Hate cannot drive out hate. Just as prejudice is learned, it can be unlearned. And although manufacturers of hate may never change their views, their followers, hypnotized by propagandists, might change their actions, if not their beliefs. Isn’t there a difference between Steve Bannon and our family members who voted for Trump?
We can speak truth to power without demonizing everyone we disagree with. For example, calling family members “racists” shuts down conversation. But telling them they did something racist leaves open a space for dialogue, learning and change. Shutting down those spaces gives them another reason to push us even further away.
Twelfth-century philosopher Maimonides argued that hope is a belief in “the plausibility of the possible.” But the spike in intolerance, hate and violence since November 2016 puts into sharp relief the intolerance, hate and violence that many have endured since the founding of this country. And so where will we find hope? And how will we make the possible more plausible?
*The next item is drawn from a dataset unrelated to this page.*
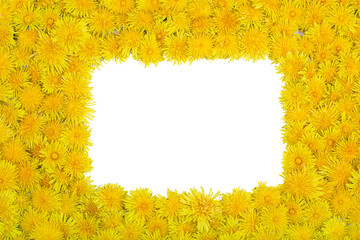 Wall Mural - A frame of yellow dandelion flowers on a white background. Copy space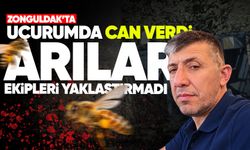 Uçurumdaki kazada can verdi: Arılar ekipleri yaklaştırmadı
Perhaps we will participate in a moral revival through faith traditions. Perhaps we will mobilize to elect candidates at all levels who are representative of our country’s diversity. Perhaps we will get trained as organizers. And perhaps for those of us living with privilege, we will step aside and intentionally create space for women, African-Americans, Muslim-Americans, immigrants and others to lead us.
Hope is not blind faith, although it can be grounded in faith. We can create hope. It can come from learning skills that empower. It can come from protecting those most vulnerable among us. For some, simply surviving may bring hope for a better future. For those who feel safe enough — making ourselves uncomfortable by extending an open hand to family, colleagues and neighbors with whom we disagree might even surprise us and yield hope.
Mandela wrote that he never lost hope for a great transformation in his country because of the courage of ordinary men and women in the struggle. Today in the United States, we have the capacity to create a great transformation. This not a pitch for a perfect polity — one of the many phony wares that populists peddle. Nor is this a pitch for a golden age of the past or a utopia of the future.
This work requires us to show up in our brokenness and ignorance with a willingness to learn, a commitment to not give up when we make mistakes, which we will, and an understanding that no matter how much we disagree, our humanity and our fates are intertwined.
In 1994, once Mandela was declared the winner in South Africa’s first democratic elections, he reminded South Africans “that the liberation struggle was not a battle against any one group or color, but a fight against a system of repression.” If he were alive celebrating his centenary with us, this is the struggle Mandela would remind us to undertake.